28 октября линкоры выходили в море, но от купеческого судна поступило сообщение — в море видели «Гебен». Корабли получили команду вернуться на базу. Ведь положение оставалось непонятным, все еще требовалось не поддаваться на провокации. В море остались бригада тральщиков и дозорный дивизион миноносцев — «Лейтенант Пущин», «Живучий» и «Жаркий». А вечером пришла телеграмма от Янушкевича: «По полученным сведениям Турция решила объявить войну не позднее 24 часов». Эбергард послал приказы минной дивизии в Евпаторию, «Пруту» в Ялту — идти в Севастополь. Ночью доложили с наблюдательного пункта на мысе Сарыч: замечен прожектор большого судна. Подумали, что это возвращается «Прут». В 5.58 сообщили с мыса Лукулл: приближается корабль. А вскоре уточнили: «Вижу “Гебен” в 35 кабельтовых…»

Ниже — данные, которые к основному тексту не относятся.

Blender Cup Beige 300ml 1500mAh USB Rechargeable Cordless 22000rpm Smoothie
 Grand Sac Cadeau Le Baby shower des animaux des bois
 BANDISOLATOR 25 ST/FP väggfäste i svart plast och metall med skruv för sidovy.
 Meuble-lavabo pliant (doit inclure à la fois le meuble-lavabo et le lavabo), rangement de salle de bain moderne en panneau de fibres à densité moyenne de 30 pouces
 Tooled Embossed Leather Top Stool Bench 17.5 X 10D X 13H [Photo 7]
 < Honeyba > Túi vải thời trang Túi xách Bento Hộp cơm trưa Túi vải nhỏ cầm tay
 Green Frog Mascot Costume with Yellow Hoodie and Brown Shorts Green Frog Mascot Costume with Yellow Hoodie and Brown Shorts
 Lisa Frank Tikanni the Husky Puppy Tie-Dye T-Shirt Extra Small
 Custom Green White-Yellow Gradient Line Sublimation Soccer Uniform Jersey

И тотчас последовал залп пяти гигантских орудий, за ним следующие. Снаряды падали в бухту, рвались в городе. Один попал в Морской госпиталь, другой на Корабельную слободку, зажег домишки бедноты. Бригада тральщиков спешно уходила с моря под прикрытие берега. А из кораблей, находившихся в гавани, «Гебену» начал отвечать старый, доживающий свой век на приколе «Георгий Победоносец». Остальные растерялись, ждали приказа либо стояли так, что не могли стрелять. Вступили в бой и батареи береговой обороны. На батарею № 16 имени генерала Хрулева попал снаряд, вывел из строя орудие, вспыхнул пожар в пороховых погребах. Штабс-капитан Миронович увлек за собой солдат, бросился тушить пламя и чудом предотвратил катастрофу. Хотя другого вреда городу и порту «Гебен» причинить не смог. Русские снаряды ложились к нему все ближе, и он развернулся прочь.
Самым обидным оказалось то, что вражеский корабль безнаказанно прогулялся… по минным заграждениям. Они имели систему централизованного электрического включения, и их обесточили — ждали возвращения «Прута». Офицер, ведавший главным рубильником, оказался тупым педантом, без приказа не включал. А пока в суматохе спохватились, «Гебен» уже сошел с минных полей. На батарее Хрулева было 6 убитых и 12 раненых, в Морском госпитале погибло 2 и было ранено 8 человек.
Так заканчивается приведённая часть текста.